Şu anda ev fiyatlarında neredeyse kesintisiz 50 yıllık bir artış oldu. Ev fiyatlarının piyasa genelindeki düşüş riski bir olasılık olarak değerlendirilmedi. Piyasa katılımcılarının çoğu, yaşamları boyunca böyle sürekli bir düşüş yaşamamıştı. Bu varlıkları fiyatlandırmak için yapılan pek çok finansal modelde, bu olasılık dahil edilmeyi hak edecek kadar önemli sayılmamıştır.
Düşünce, borçluların ödeme yapamamış olsalar bile, evleri satabilir ve borcunu geri ödeyebilirlerdi. Esasen, ev fiyatlarının yükseldiği sürece mantık, bu tahvillerin değerini koruyacağıydı.
Ayrıca, Moody's, Standard & Poor's ve Fitch gibi tahvil derecelendirme kuruluşlarından AAA derecelendirmesi onlara bir güvenlik kaplaması verdi. Bu varlıkları, çok uluslu şirketlerin ve ABD, Almanya veya Japonya gibi istikrarlı, para getiren hükümetlerden gelen şirket borçlarıyla aynı seviyeye getirdi. Bu AAA derecelendirmesi hikayenin önemli bir bileşenidir; pek çok alıcı karmaşık değildir, derecelendirme kuruluşlarına dayanarak risklerin doğru şekilde temsil edilmesini sağlar.
Bu toksik araçlar, büyük kazançları Wall Street bankaları, hedge fonları, emeklilik fonları ve egemen varlık fonlarından daha fazla getiri elde etmeyi ve risk eksikliği algılamış olarak finansal ekonomi boyunca çoğaldı. Bu araçların birçok durumda değersiz olduğu ortaya çıktı; çünkü ev alıcılar ödemeleri yapamıyor ve konut fiyatları düşüyordu.
Alıcılar ipoteklerini temerrüde düşürüyor ve konut arzında büyük bir dalgalanma ile fiyatları daha da düşürüyorlardı. Bu, bu CDO'ların değerini daha da düşürdü. Birçok fon marjda CDO'lar satın alıyordu ve ana paranın kaybı, varlıklarını tasfiye etmeye zorlamış ve fiyatları daha da düşürüyordu.

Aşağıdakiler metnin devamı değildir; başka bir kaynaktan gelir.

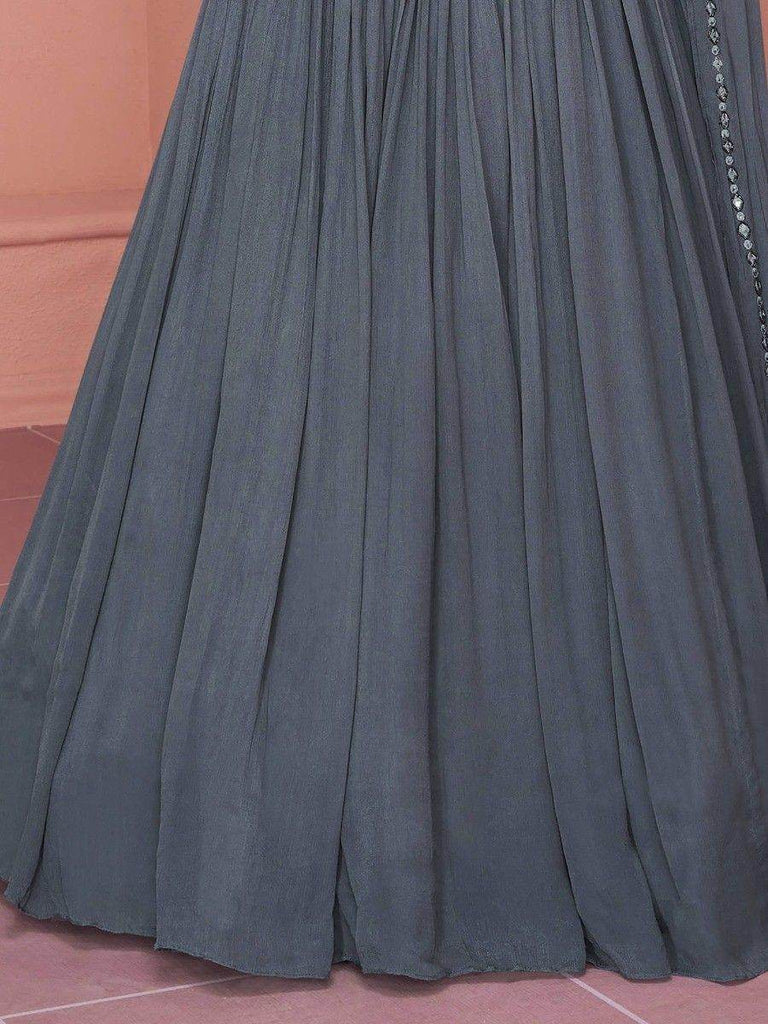 Amazing Grey Sequins Georgette Party Wear Gown With Attached Dupatta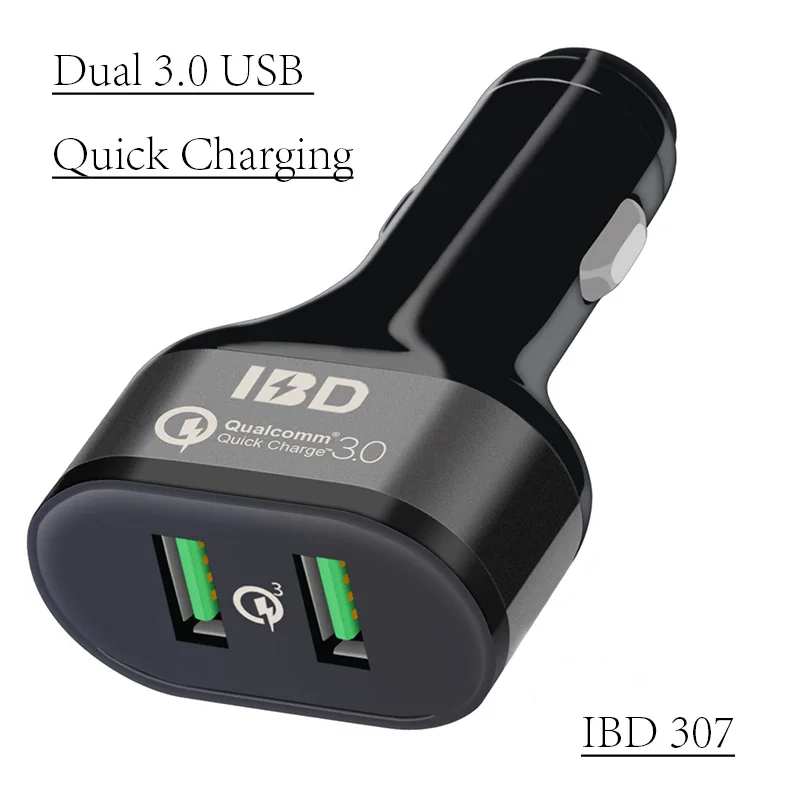 Высокое качество Безопасный USB Автомобильное зарядное устройство Dual USB 3,0 быстрое зарядное устройство мобильный телефон зарядное устройство Быстрая зарядка Powerdrive адаптер хвост товары - Тип штекера: IBD 307 Car Charger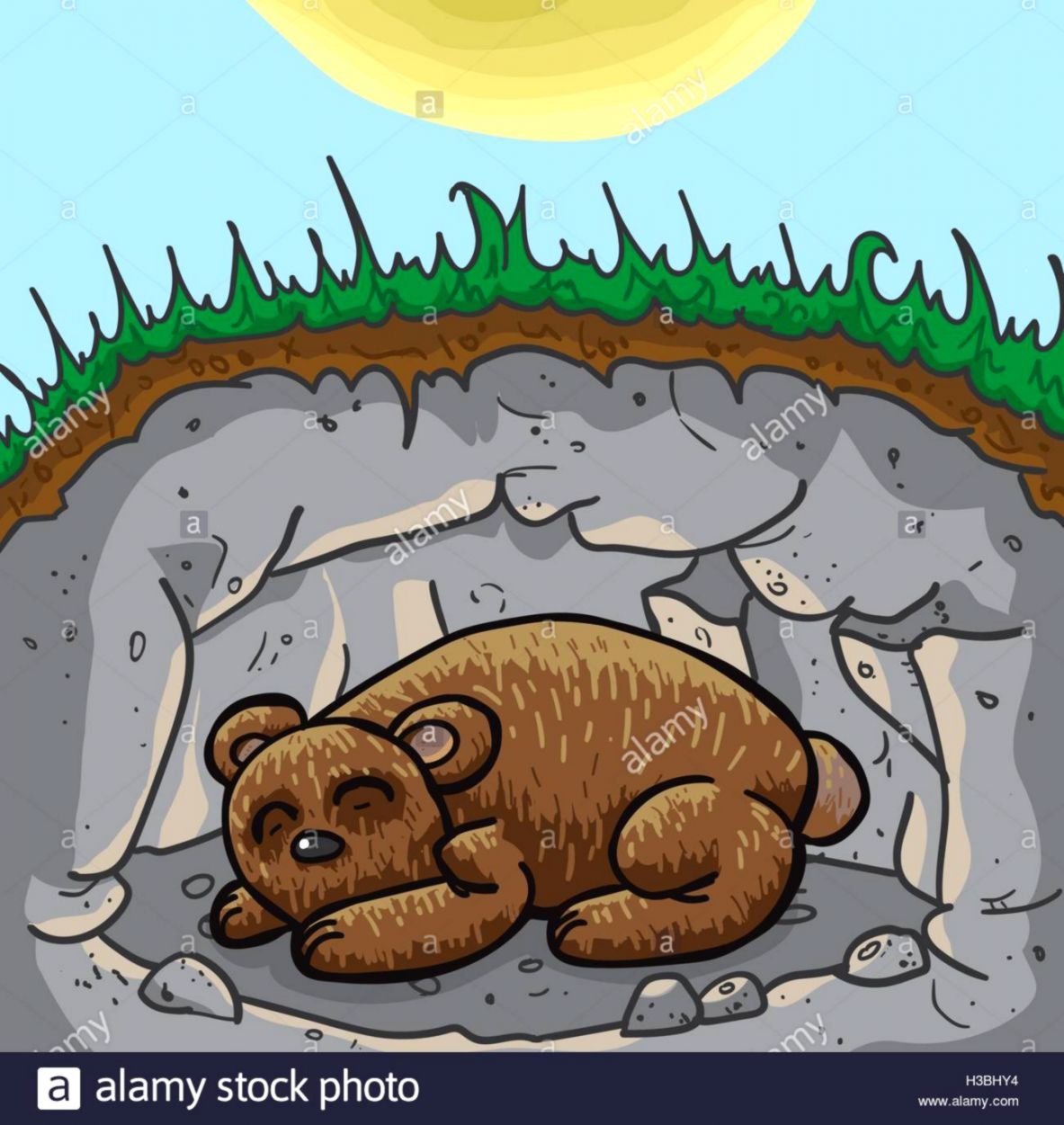 Берлога медведя. Медведь в берлоге рисунок. Берлога рисунок для детей.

Mali kurumların bilançonun aktif kısmı, konutla ilgili borçların değer kaybetmeye başlamasına bağlı olarak azalmaya başladı.Birçok finansal kurum kağıda iflas etti, borçlar sabit kalırken varlıkları daldı. Bu, bankaların özsermayesi düştüğü ve borçlarındaki faiz oranlarının yükseldiği için bir güven bunalımı yarattı.
Hükümet sonunda banka bilançolarındaki zehirli maddeleri kaldırmak için bir programa girdi ve bankalara nefes alması için zaman tanıtan piyasa tüzüklerini kaldırdı. Hükümetler bilançoları hazırlamak için sermaye sağladılar ve finansal sistemin işlevine devam etmesini sağladılar.
Neden Önemsiz Tahviller için Borç / FAVÖK Oranı'nın Önemli olduğu
Borç / FAVÖK oranları, bir firmanın özellikle önemsiz tahvil riskini incelemek için oluşan borcunu ödeyebilme kabiliyetini tahmin etmek için hayati öneme sahiptir.
ÖNemsiz tahviller nasıl düzenlenir?
, öNemsiz tahvillerin SEC ve FINRA tarafından nasıl düzenlendiğini ve SEC kayıttan muaf menkul kıymetlere uygulanan dolandırıcılık önleme hükümlerini anlar.
ÖNemsiz tahviller Standard & Poor's ve Moody's tarafından nasıl farklı derecelendirilir?
Kredi derecelendirme kuruluşlarının tahrip bono statüsüyle tahvilleri nasıl derecelendirdiklerini ve düşüş riskinin tahvillerin fiyat ve likiditesini nasıl etkileyebileceğini öğrenir.